Argo – What works so well about Argo is that it plays off a combination of aspects fused together so well it’s gratifying. You have a based on a true story concept, set against a tumultuous political climate, shot with a late 70’s cinematic vibe, a little action, plenty of suspense, married with the comedic twist of John Goodman and Alan Arkin. The highlight of this experience will always be the last 20 minutes, executed so effectively I think my heart stopped and I didn’t take a breath until the end credits. Ben Affleck has come a long way and proved to be a force to be taken seriously.

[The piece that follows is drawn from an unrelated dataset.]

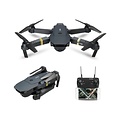 Wifi drone met camera- FPV Drone - Black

Celeste & Jesse Forever – This was one of those films that I left the theater with such a high thinking THIS is why I LOVE movies. Celeste and Jesse are the best of friends, but terrible as husband and wife. The story picks up with their struggle at sustaining a friendship while in the midst of a divorce and pursuing other romantic interests. Rashida Jones (Celeste) and Andy Samberg (Jesse) have such a fluid and natural on-screen chemistry between them that drew me in immediately. What I was most enchanted by was not only the precise well-written dialogue; but the indie feel to how this narrative was told through its stunning salute to another main character, the sweeping city of Los Angeles, via its cinematography choices. I experienced almost every major emotion in 90 minutes of being in Celeste and Jesse’s world and I didn’t want to go. I laughed, felt my eyes water, and smiled at the very complicated, yet entertaining and relatable situation. This is also the first film I’d seen in quite some time where the music was used so impeccably it enhanced the overall experience of the film and introduced me to some of my favorite music of the year. If I had to pick my top film of 2012, this would be it (or closely tied with Zero Dark Thirty).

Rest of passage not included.